An IA Institute job posting for "System Designer / Prototyper" at Klein Associates in Dayton reminds me of the "Management by Discovery" workshop that I attended in March. The workshop was part of the Mind your leadership conference at BGSU. (I missed the rest of the conference because I was travelling to the IA Summit.)

The workshop was officially titled "The cognitive dimenions of leadership: A practitioner's toolkit." I had no expectations, was mainly attending because it sounded interesting and it was close to home - worth the risk of a day of my time. What surprised me was that I already knew a lot of this stuff because Gary Klein is well-known for Cognitive task analysis and other HCI work (not sure how I missed Gary up until then). I had "stumbled" into an HCI person presenting to a business audience, so I felt right at home.

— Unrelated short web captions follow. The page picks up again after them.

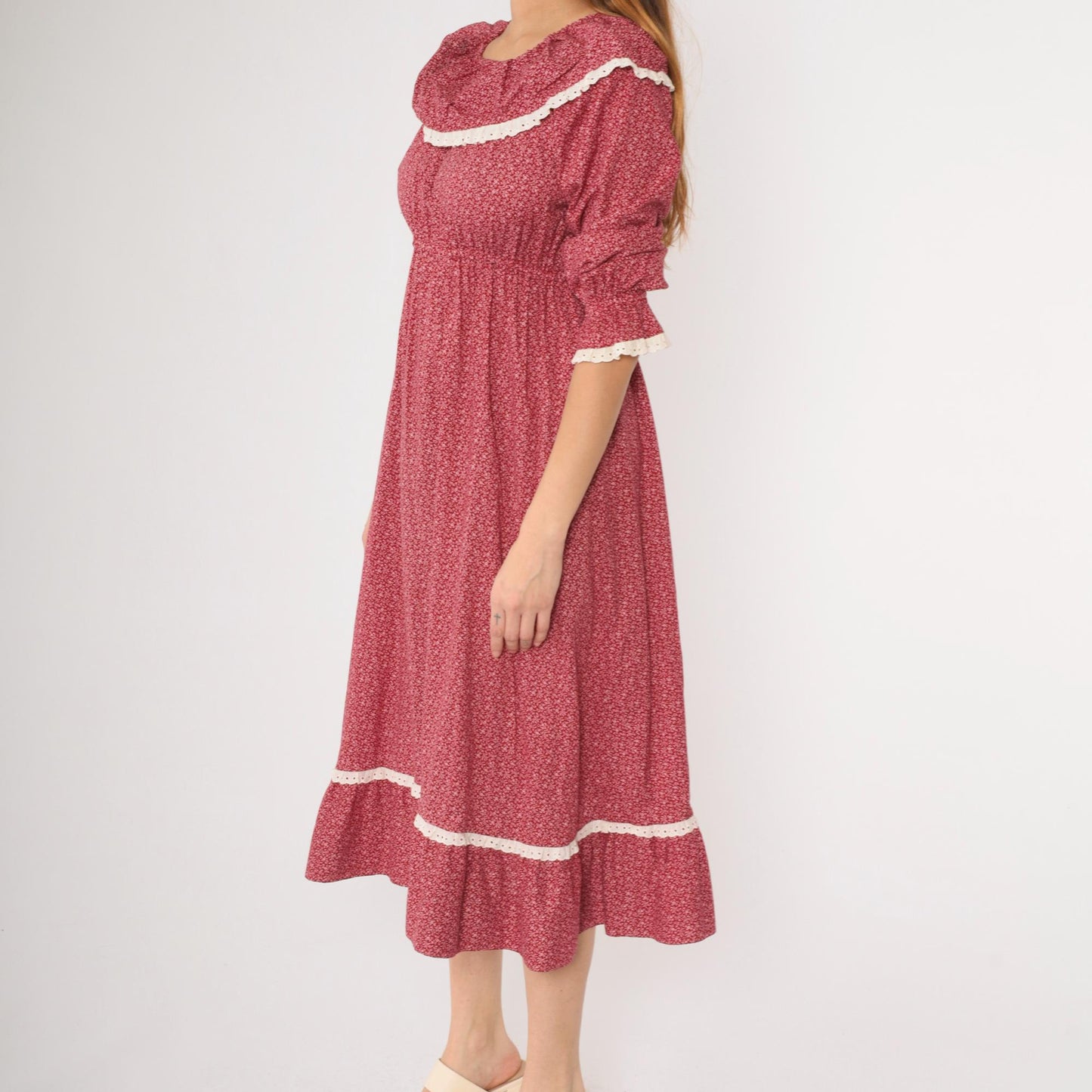 70s Burgundy Calico Floral Peasant Dress Empire Waist Midi Lace Small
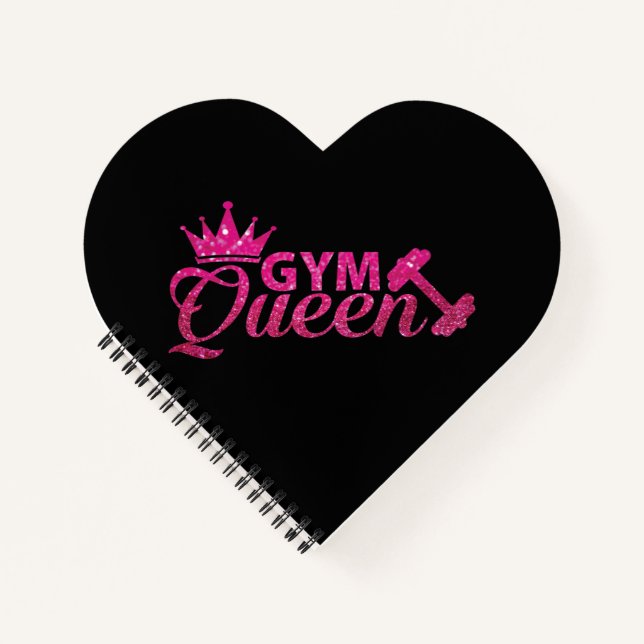 Funky hot pink faux glitter gym queen notebook (Front)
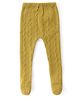 Babyhug Knit Footed Legging With Cable Knit Design - Yellow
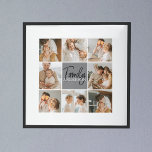 Family Collage Photo & Personalized Gray Gift Poster<br><div class="desc">Create a beautiful and personalized family collage with eight photos, accompanied by a personalized family name in gray. This unique and thoughtful gift is perfect for commemorating special moments and celebrating the love and bond within a family. The collage features eight carefully selected photos that you can provide, showcasing cherished...</div>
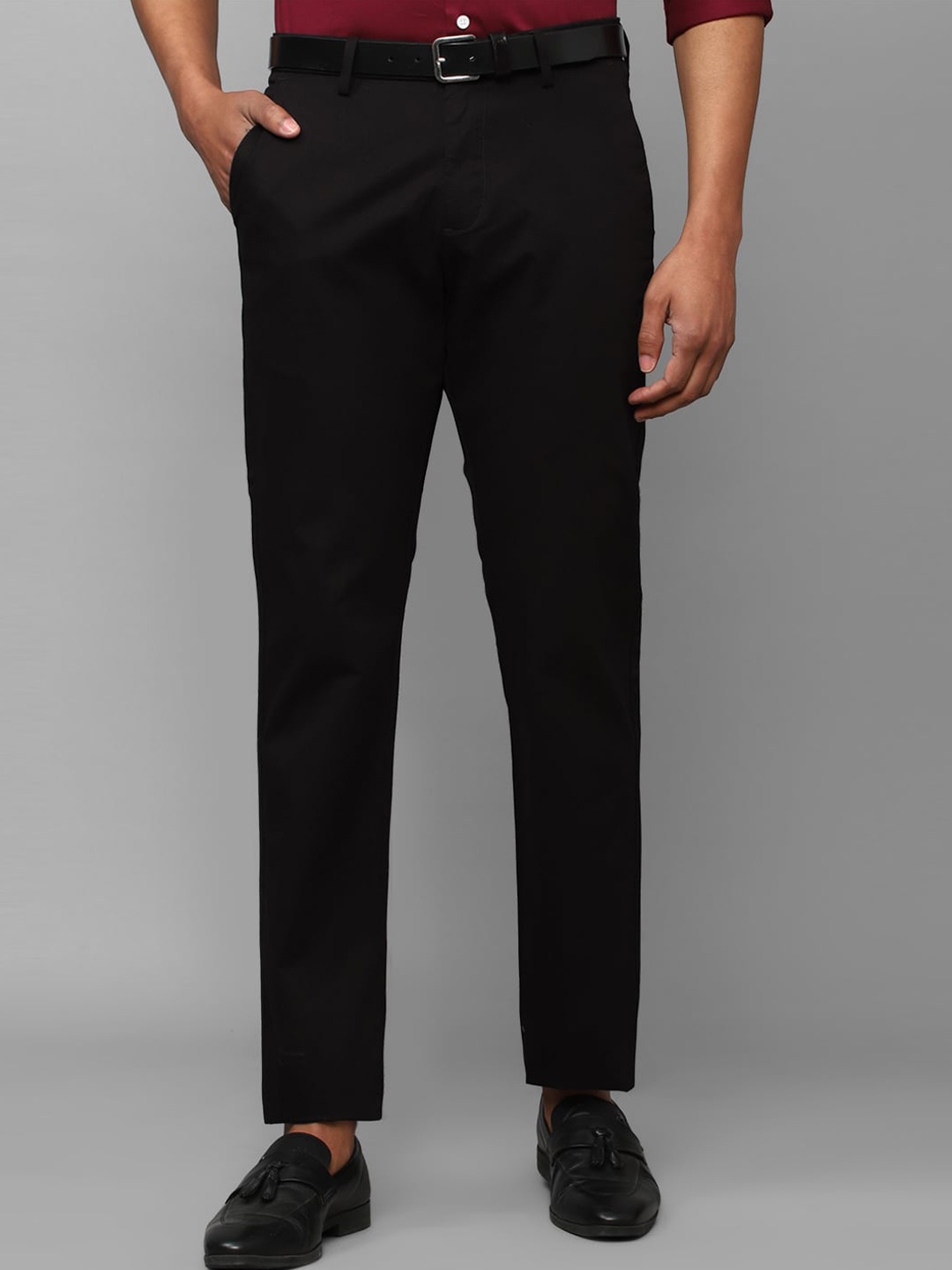 

Allen Solly Men Cotton Formal Trousers, Black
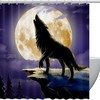Wolf Moon Shower Curtain - Lunar Canine Bathroom Dcor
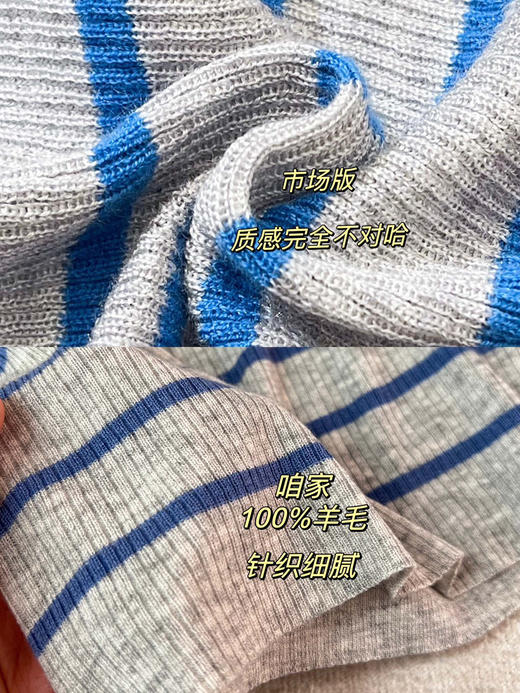 Prada灰蓝撞色羊毛针织衫 商品图13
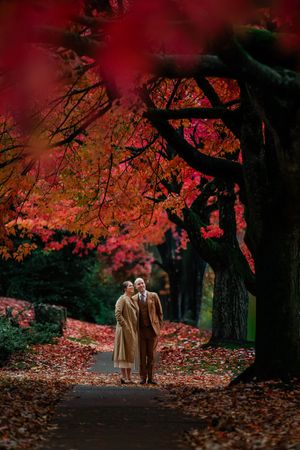A couple strolls along a romantic autumn path under vibrant red maple trees as fallen leaves cover the ground.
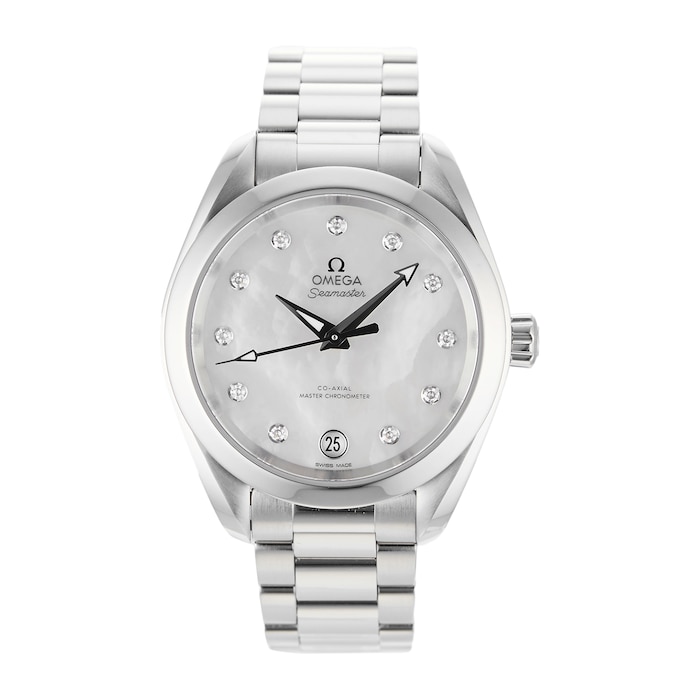 Pre-Owned Omega Pre-Owned Omega Seamaster Aqua Terra Mother of Pearl Steel Ladies Watch 220.10.34.20.55.001
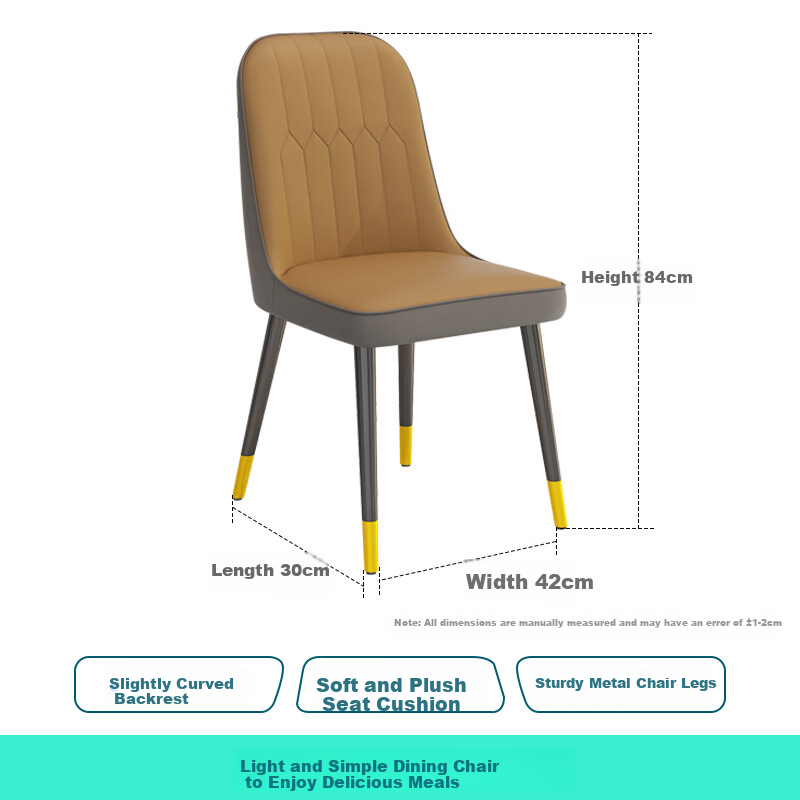 Fanshe Dining Chair with Backrest, Set of 4 Luxury Leather Dining Chairs for Home, Comfortable Long Sitting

Management by Discovery is different than Management by Objectives and other management styles because it focuses on emergent goals (instead of upfront, well-defined goals, which never happens anyway). It means a lot of story-telling, sense-making, iteration and other things we assume with a user-centered design approach. "Taking UCD to the management decision level" might be a good summary.

Jay Rothman added his expertise on conflict engagement to the workshop. This was Gary and Jay's first collaboration on this topic.

All-in-all, a good day for me - sitting with a bunch of organization development people and "peeking over the fence" back at my own profession.